No pictures belong in the copy. Set down exactly the lines from the one that contains "Suplemento nutricional para" through the end of the data.

·····

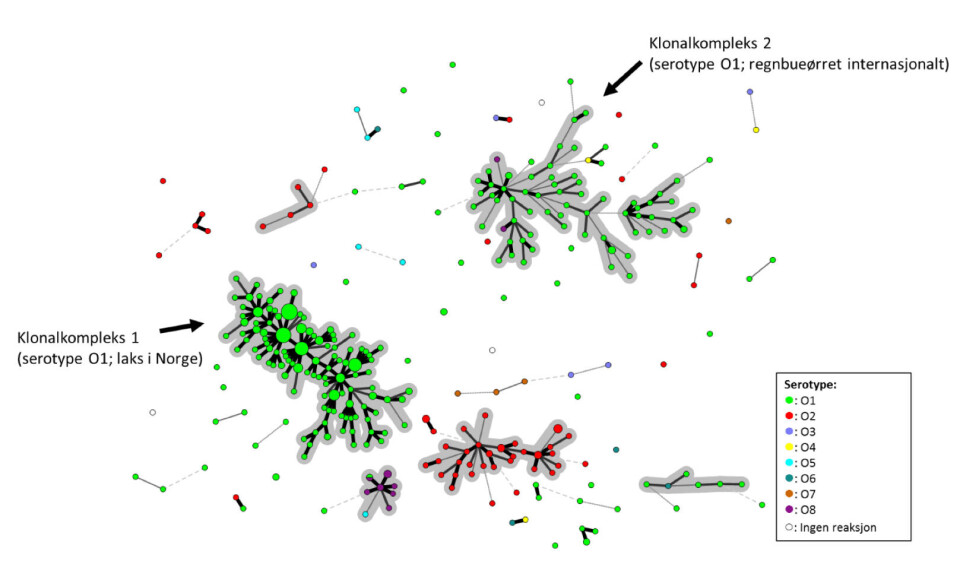 Figur 5. ‘Minimum Spanning Tree’ etter MLVA analyse av internasjonale Yersinia ruckeri-isolater.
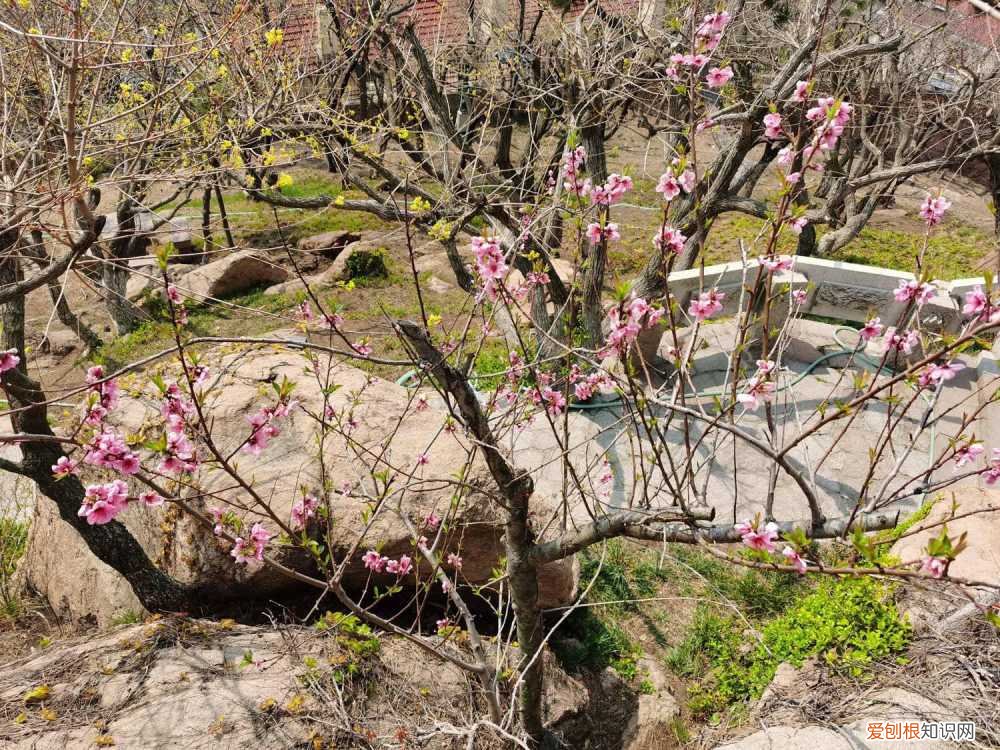 桃花什么时候修剪 桃花修剪什么时间最好，桃花可以重剪吗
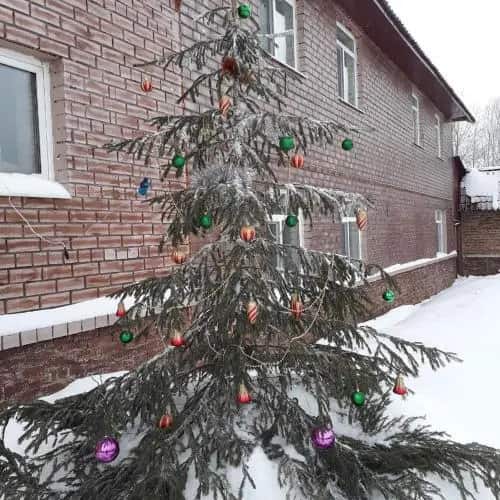 Gostevoy dom na Zhdanova: главное фото 1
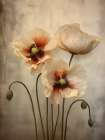 Poppies 27 Art Print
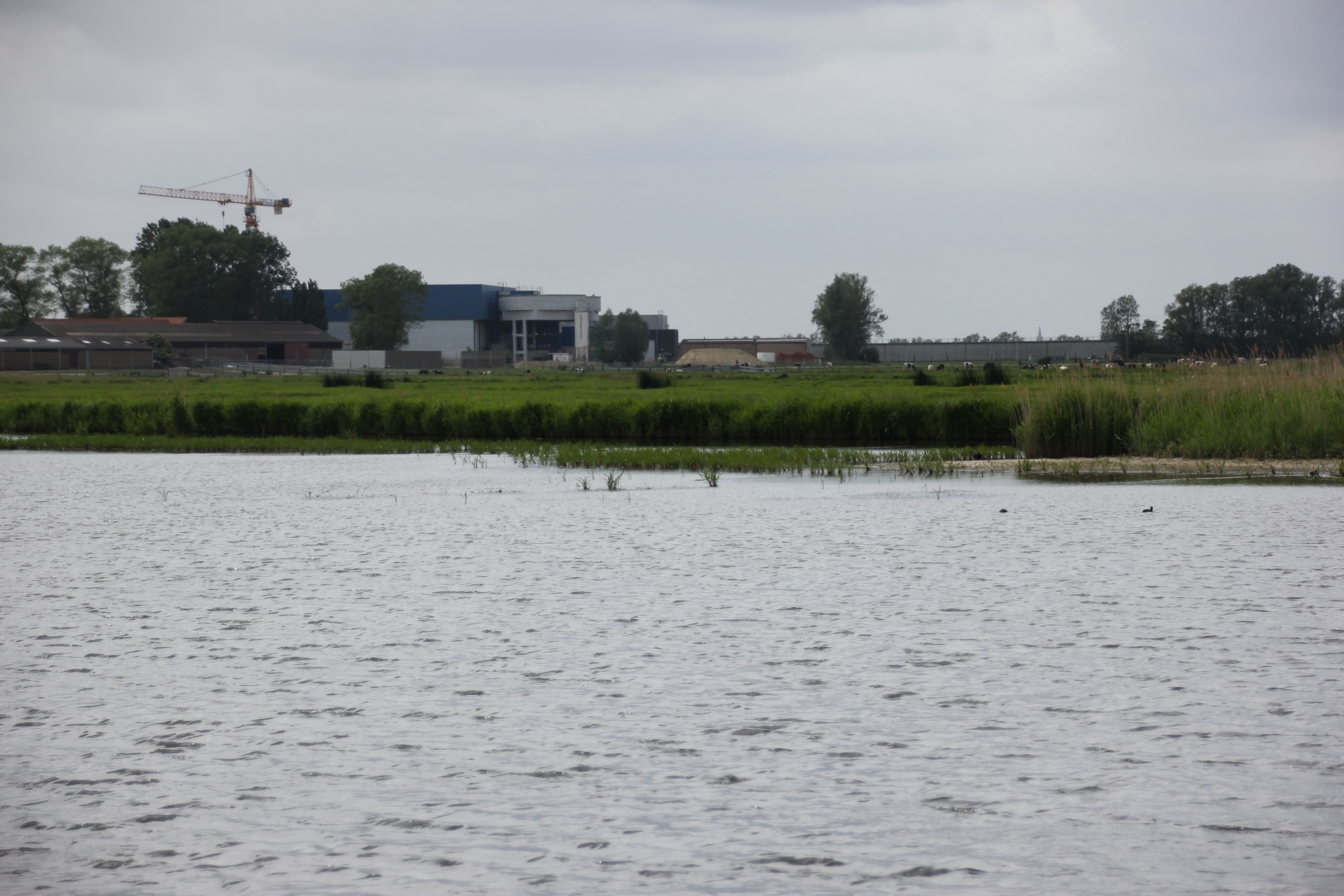 Blankaart - WPC-vijver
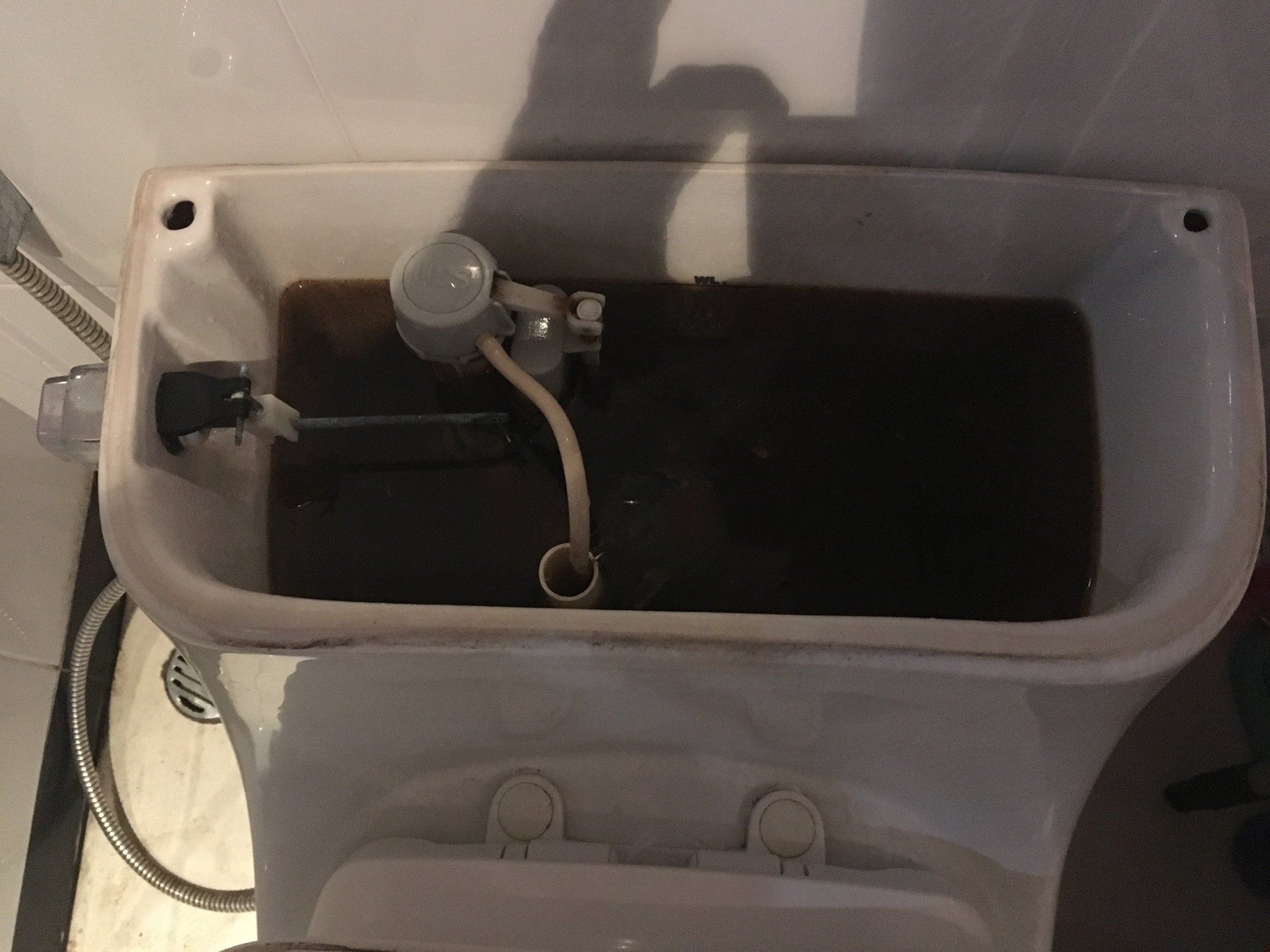 toilet.thumb.jpg.8ae6a1c5fb316033323619b53b87f86c.jpg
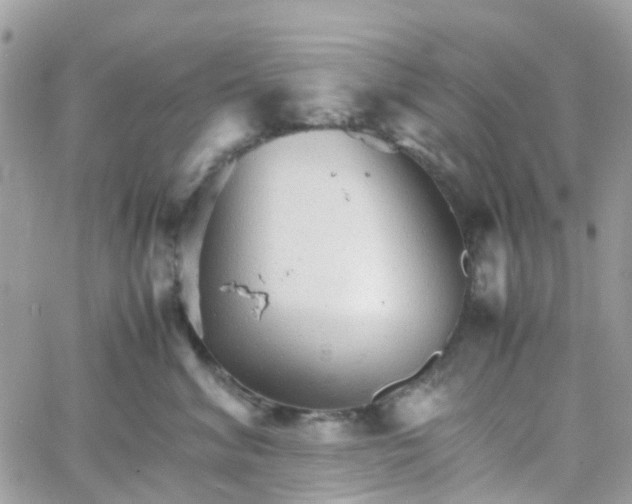 X0000066080620200603241433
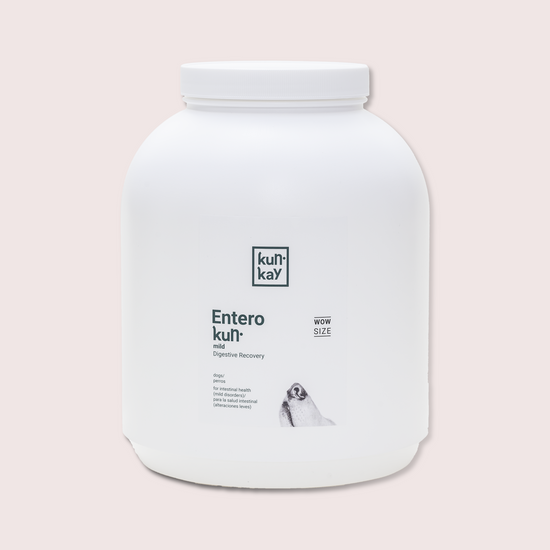 Suplemento nutricional para la salud intestinal de tu perro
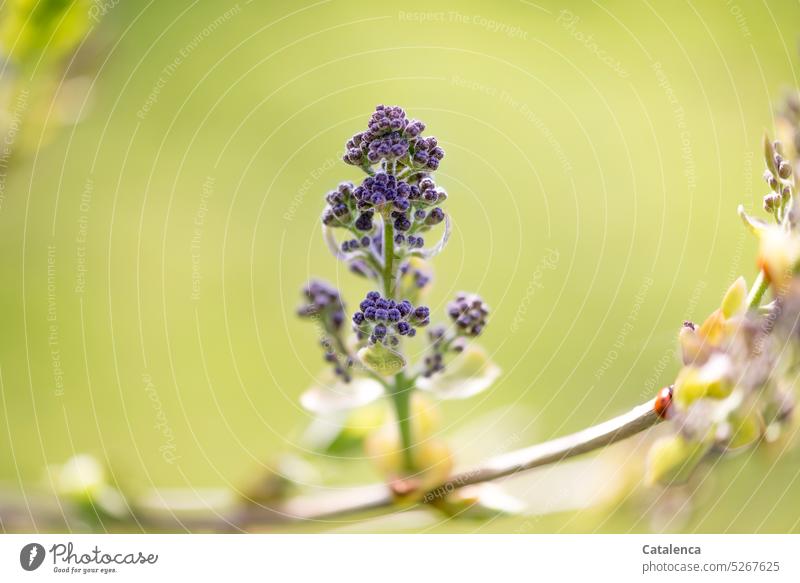 Der Flieder blüht, es ist Frühling Tageslicht Garten Blume Blüte Pflanze Flora Natur Ölbaumgewächse Lippenblütlerartige blühen duften verblühen Lila grün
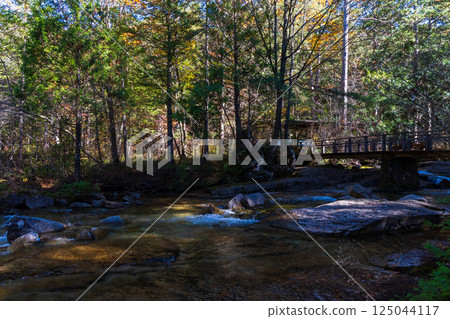 Autumn in Agematsu, Nagano Prefecture: Autumn foliage at Akazawa Natural Recreation Forest 125044117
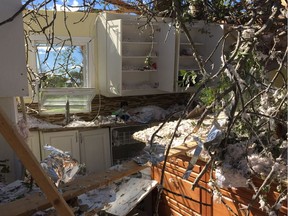 A tree crashed into the kitchen of the home of Jolene Dickson and Jason Nicholson near Kinburn.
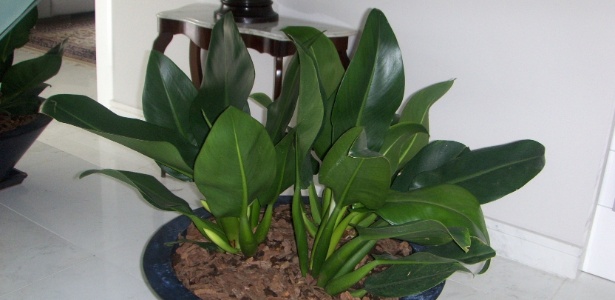 Com folhas ornamentais, a espécie Philodendron martianum deve ser cultivada em locais sombreados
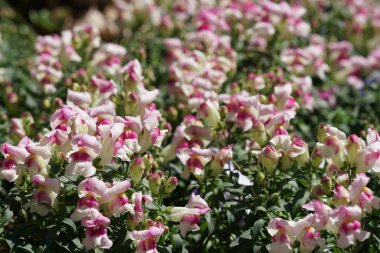 güzel çiçek açan çiçeklerin yakın çekim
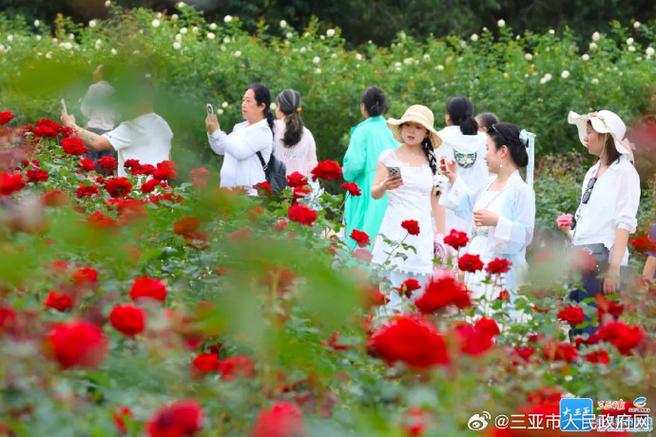 新澳今天最新资料大全和游客三亚被蛇咬身亡与三亚被蛇咬了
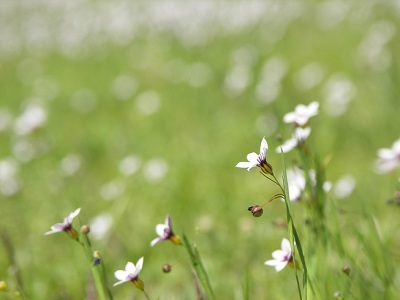 gift-note.jpg(34722 byte)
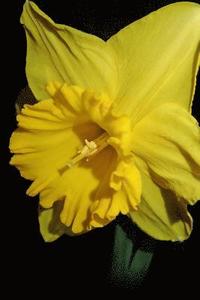 bokomslag Daffodil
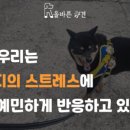 올바른 참견 이미지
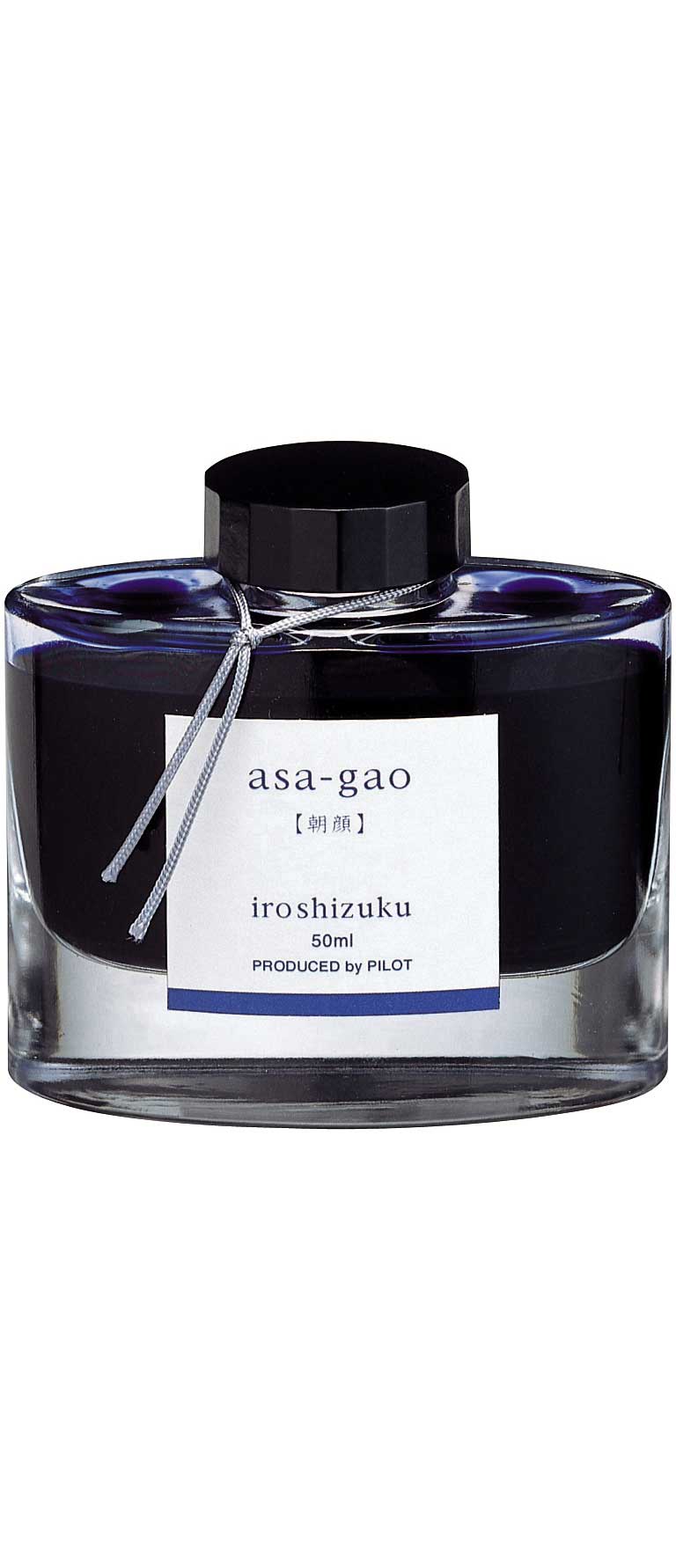 Iroshizuku Ink - Pilot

·····

_ANSWER BOX_:
 Suplemento nutricional para la salud intestinal de tu perro
 Der Flieder blüht, es ist Frühling Tageslicht Garten Blume Blüte Pflanze Flora Natur Ölbaumgewächse Lippenblütlerartige blühen duften verblühen Lila grün
 Autumn in Agematsu, Nagano Prefecture: Autumn foliage at Akazawa Natural Recreation Forest 125044117
 A tree crashed into the kitchen of the home of Jolene Dickson and Jason Nicholson near Kinburn.
 Com folhas ornamentais, a espécie Philodendron martianum deve ser cultivada em locais sombreados
 güzel çiçek açan çiçeklerin yakın çekim
 新澳今天最新资料大全和游客三亚被蛇咬身亡与三亚被蛇咬了
 gift-note.jpg(34722 byte)
 bokomslag Daffodil
 올바른 참견 이미지
 Iroshizuku Ink - Pilot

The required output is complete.